So Web 2.0 is mostly about copyright infringement? Even more reason not
to associate Wikipedia with it. :)

-Gurch

_______________________________________________
foundation-l mailing list
foundation-l@lists.wikimedia.org
Unsubscribe: http://lists.wikimedia.org/mailman/listinfo/foundation-l
Re: Thank you for discussing my Top 25 Nonprofit LIst [ In reply to ]
geni wrote:
> On 03/10/2007, Allan Benamer <abenamer@nonprofittechblog.org> wrote:
>> Hehe.. well, I just want monthly unique visitors.
>
> When it was said almost nothing was collected that wasn't a joke.
>

I'll try to clarify what geni is saying. The Wikimedia Foundation relies
exclusively on donations and has a very tight budget. It can only buy as
much hardware as it can afford, and can only just afford enough to keep
the sites running. (The toolserver had to be donated separately).

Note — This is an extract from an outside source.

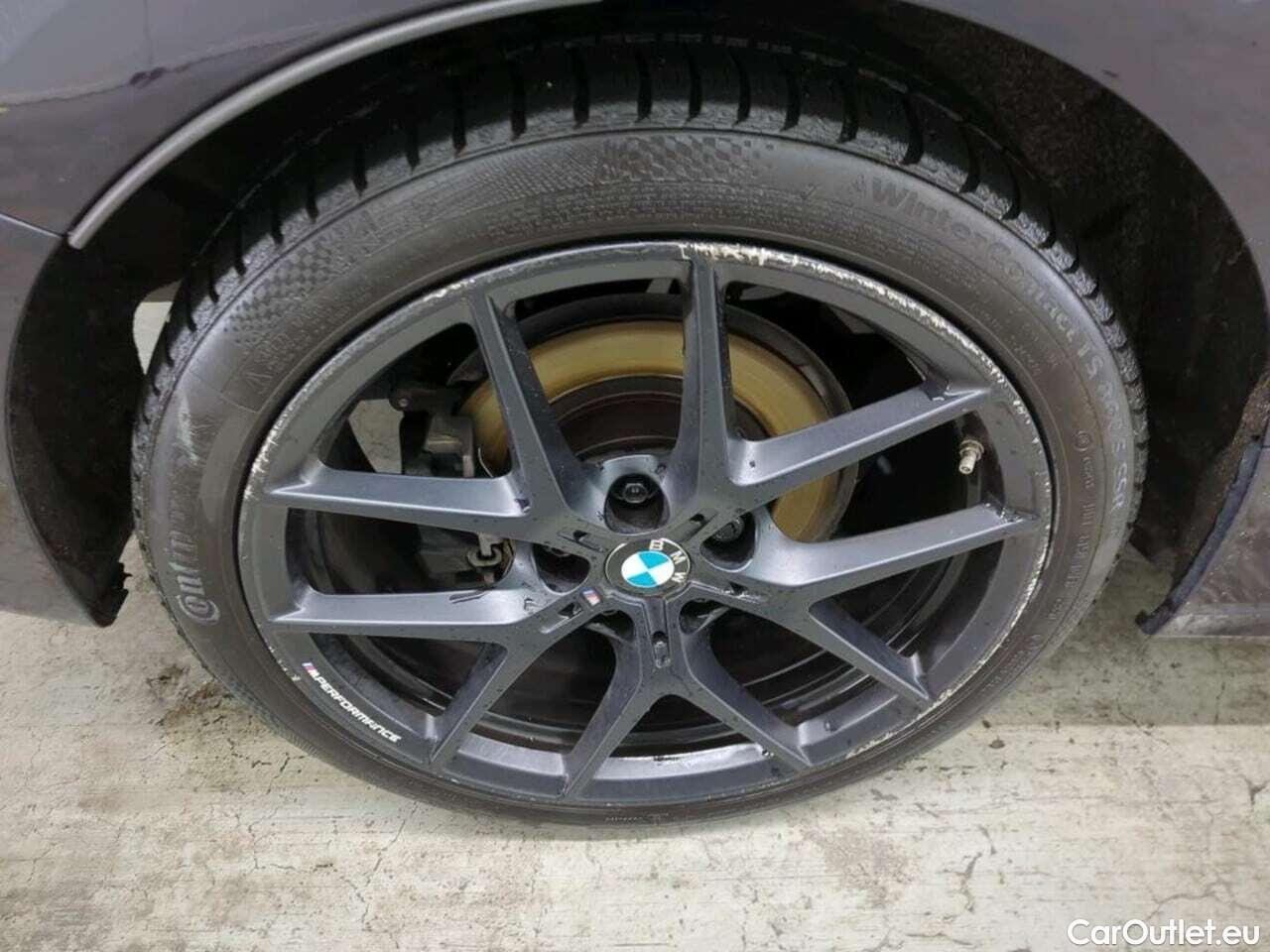  Bmw  Serie 1 118i Executive #52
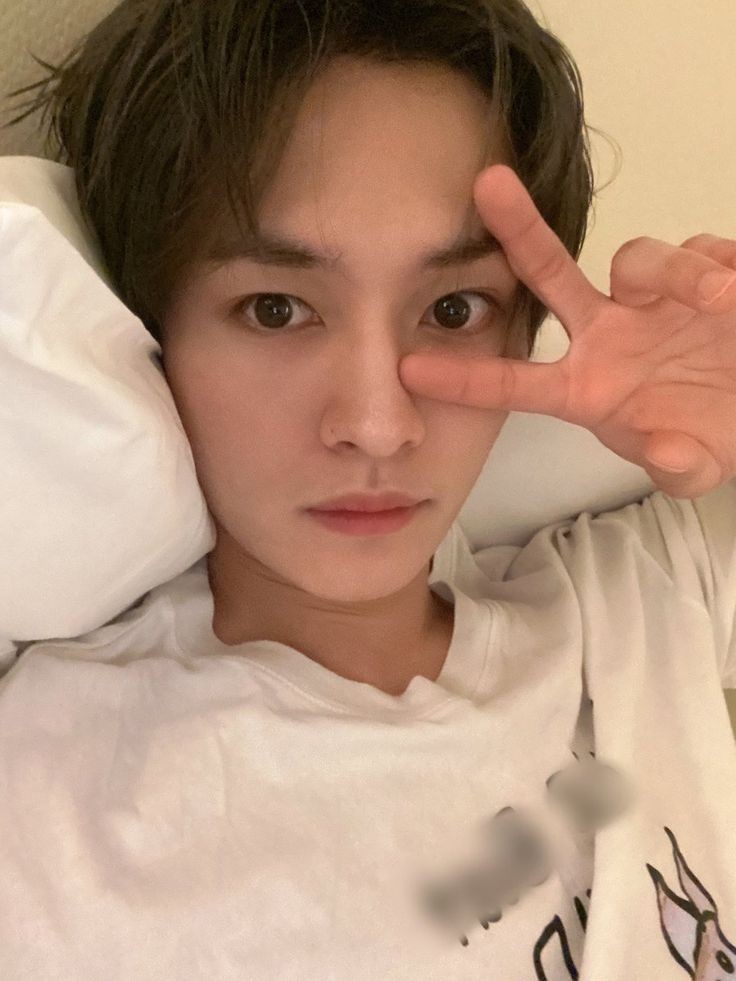 indo dormir sozinho porque você não quer dormir  comigo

The resources just aren't available to completely log all site traffic -
it would require scripts to process the mess of data generated at a fast
enough pace to keep up without using up precious CPU time, and a whole
load of extra disk space to store this data.

It's not possible to just "release all log data", because it doesn't exist.

-Gurch

_______________________________________________
foundation-l mailing list
foundation-l@lists.wikimedia.org
Unsubscribe: http://lists.wikimedia.org/mailman/listinfo/foundation-l
Re: Thank you for discussing my Top 25 Nonprofit LIst [ In reply to ]
Ummm when I use Web 2.0 terms, I basically go off Tim O'Reilly's
understanding of it over at:

http://www.oreilly.com/pub/a/oreilly/tim/news/2005/09/30/what-is-web-20.html

As far as he's concerned (and yes, I know Wikis predate the term), Wikipedia
is the epitome of Web 2.0. Think of it this way -- art deco as a term for a
particular class of art objects didn't exist until the 60s despite the fact
that the objects in question were made in the 20s and 30s.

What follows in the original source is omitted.